Se algo me espanta nesta discussão sobre o fim da exigência do diploma para jornalistas, é ver pessoas que julgam que esta exigência sempre existiu, em toda a parte e desde o início dos tempos. Ora, como a jaboticaba, só existe no Brasil. (E se só existe no Brasil e não é jaboticaba, boa coisa não há de ser). Além do mais, existe há apenas 40 anos. O jornalismo brasileiro tem dois séculos de existência e nestes últimos dois só se exigiu diploma a partir de 1969. Os defensores do diploma esquecem – ou preferem não lembrar – que a famigerada lei não foi fruto de reivindicações de classe, mas imposição ditatorial de uma junta militar. Brasileiro adora reserva de mercado. Se ela é cria de uma ditadura, pouco importa. Bem-vinda seja.

O ministro Gilmar Mendes tem sido execrado por ter comparado jornalistas a cozinheiros ao justificar seu voto: “Um excelente chef de cozinha certamente poderá ser formado numa faculdade de culinária, o que não legitima o Estado a exigir que toda e qualquer refeição seja feita por profissional registrado mediante diploma de curso superior nessa área”, afirmou. Espero que não tenha dado uma boa idéia à guilda dos candidatos a cozinheiro. Porque neste país onde até uma profissão inútil como a de ascensorista é regulamentada, não seria de espantar que algum político em busca de clientela pretendesse regulamentar a de cozinheiro.

O ministro foi tido como alguém que rebaixou a profissão de jornalista, o que está longe de ser evidente. Um chef competente, hoje, é mais disputado e melhor pago do que milhares de jornalistas. Existem cursos de culinária, é verdade. Mas cozinheiros se formam é na cozinha, junto ao fogo e às panelas. Da mesma forma, o jornalista. Faculdade pode ajudar. Mas quatro anos de curso não dão a formação de três meses de redação.

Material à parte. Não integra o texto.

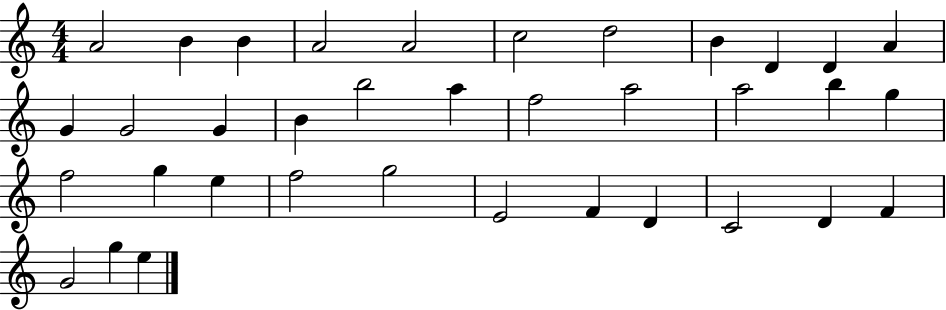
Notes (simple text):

A4/h B4/q B4/q A4/h A4/h C5/h D5/h B4/q D4/q D4/q A4/q G4/q G4/h G4/q B4/q B5/h A5/q F5/h A5/h A5/h B5/q G5/q F5/h G5/q E5/q F5/h G5/h E4/h F4/q D4/q C4/h D4/q F4/q G4/h G5/q E5/q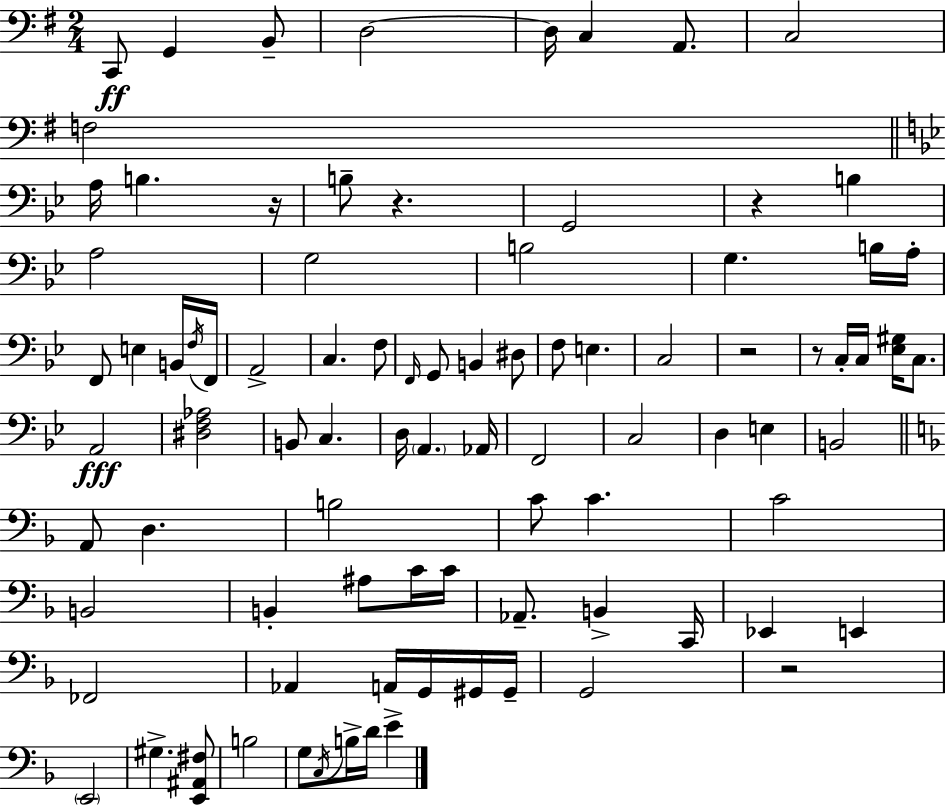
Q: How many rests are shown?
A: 6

As notícias chegam hoje e o jornal tem de sair ainda hoje, para estar nas bancas amanhã cedo. Jornalista trabalha contra o relógio. Este relógio não existe nos cursos universitários, onde não há deadline. Estudante algum de jornalismo experimenta a tensão do fechamento de um grande jornal. Esta adrenalina só existe na redação. O jornalista até pode falhar em meio a um fechamento. Se falhou é porque não era jornalista.

“Com o fim do diploma e sem outras normas que regulem a atividade profissional, quais os critérios que serão utilizados para a contratação de jornalistas?” – pergunta-se uma militante da guilda. Ora, moça, os critérios que sempre regularam a profissão em todos os tempos e em todos os países: informação, capacidade de análise, boa redação, velocidade e agilidade mental.

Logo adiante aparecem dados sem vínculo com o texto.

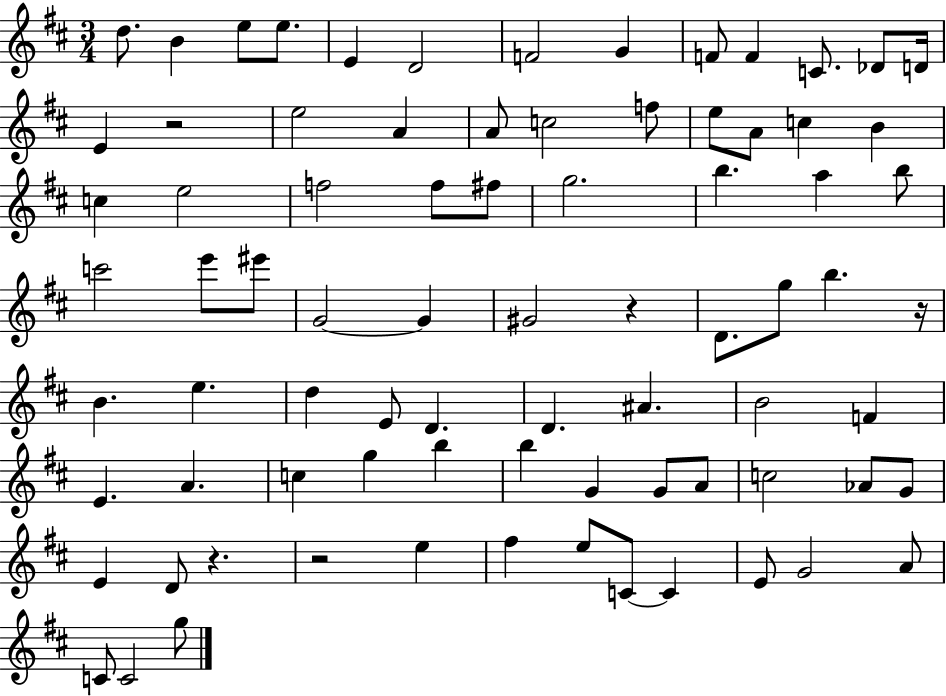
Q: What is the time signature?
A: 3/4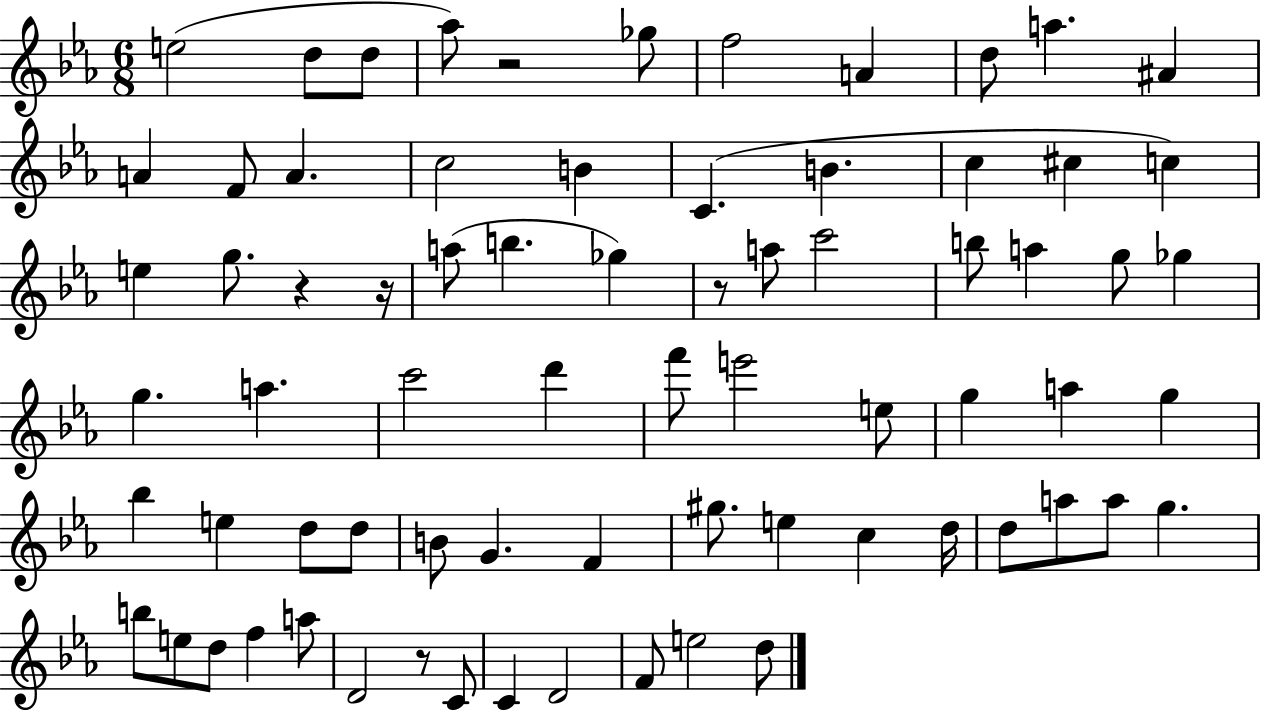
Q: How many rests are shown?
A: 5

Pessoalmente, considero o jornal uma espécie de milagre cotidiano. As informações chegam em massa e desordenadamente à redação. Cabe ao redator ordená-las, colocá-las em boa forma e dentro de um espaço preciso. Algo como a confecção de um soneto. O espaço jornalístico é um leito de Procusto. A informação tem de caber – com uma margem de poucos toques a mais ou menos – dentro de um espaço exato. É uma das raras profissões em que não se leva tarefa para casa. Feito o jornal, feito está. Amanhã é outro dia. Outros fatos, outros problemas, outras soluções. Este outro dia acaba no mesmo dia. Na manhã seguinte, voilà: o milagre está nas bancas.

Argumentam os corporativistas que, sem universidade, faltaria ética aos jornalistas. Como se ética fosse coisa que se adquirisse em salas de aula. O mundo está cheio de canalhas com diploma superior. Ética não é coisa que se aprenda na escola. O profissional é honesto – ou não é. Ser honesto é qualidade pessoal e intransferível e não virtude que possa ser ensinada.

“Nós, que cursamos jornalismo, vamos agora jogar fora nosso diploma?” – pergunta-se um outro aprendiz de sofista. Não precisa jogar fora. O diploma pode até ser um trunfo. Só que agora este universitário terá de competir com milhares de outras pessoas também habilitadas ao jornalismo. Os cursos de jornalismo produziram milhares de desempregados. Antes de 69, não havia jornalista desempregado. Era jornalista quem trabalhava como jornalista. Depois de 69, jornalista era quem cursava jornalismo. Ocorre que no mercado não havia lugar para as fornadas de jovens despejadas pelas faculdades.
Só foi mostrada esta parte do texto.